Given data Block Start

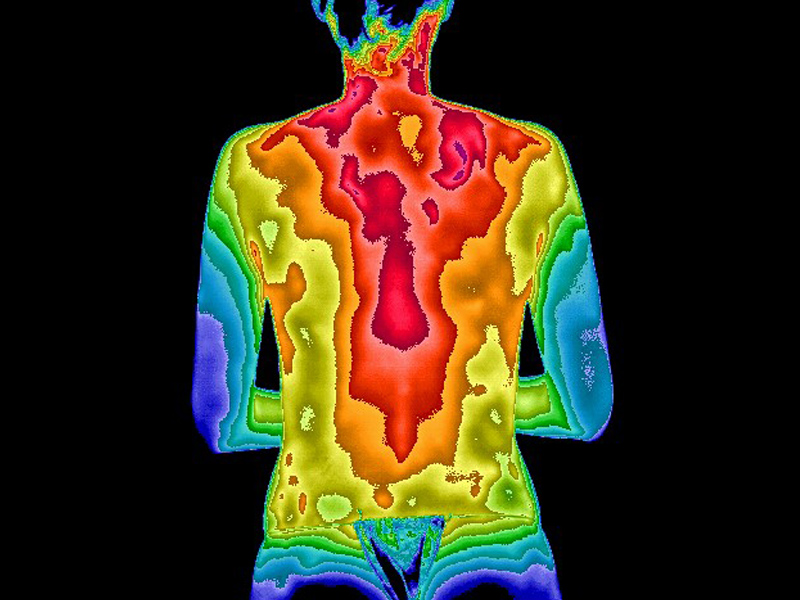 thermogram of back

Given data Block End
Given data Block Start

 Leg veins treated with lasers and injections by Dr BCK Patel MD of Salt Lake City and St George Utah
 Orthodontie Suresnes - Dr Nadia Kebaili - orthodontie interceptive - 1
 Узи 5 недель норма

Given data Block End
Given data Block Start

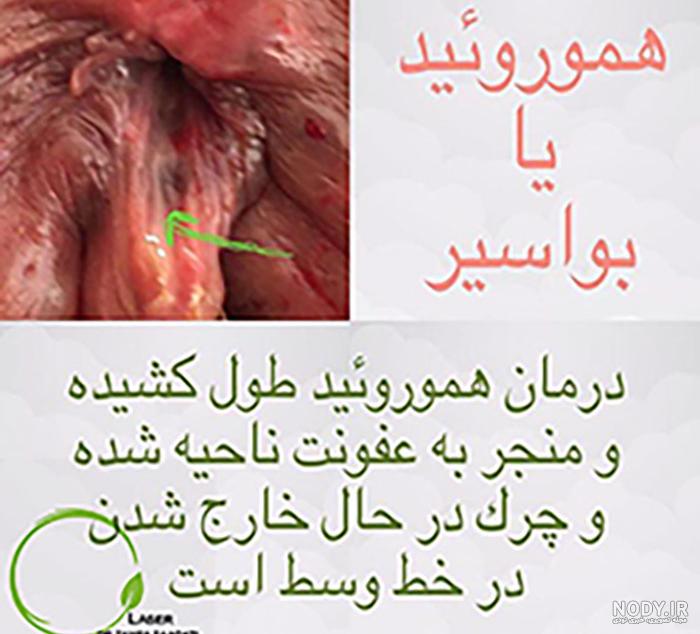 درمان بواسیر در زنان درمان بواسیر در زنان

Given data Block End

Taking the listing above as the source, transcribe only the lines starting at the line with "Leg veins treated" and going through the line with "Узи 5 недель норма", unaltered and with both ends included.

• _Output below_:
 Leg veins treated with lasers and injections by Dr BCK Patel MD of Salt Lake City and St George Utah
 Orthodontie Suresnes - Dr Nadia Kebaili - orthodontie interceptive - 1
 Узи 5 недель норма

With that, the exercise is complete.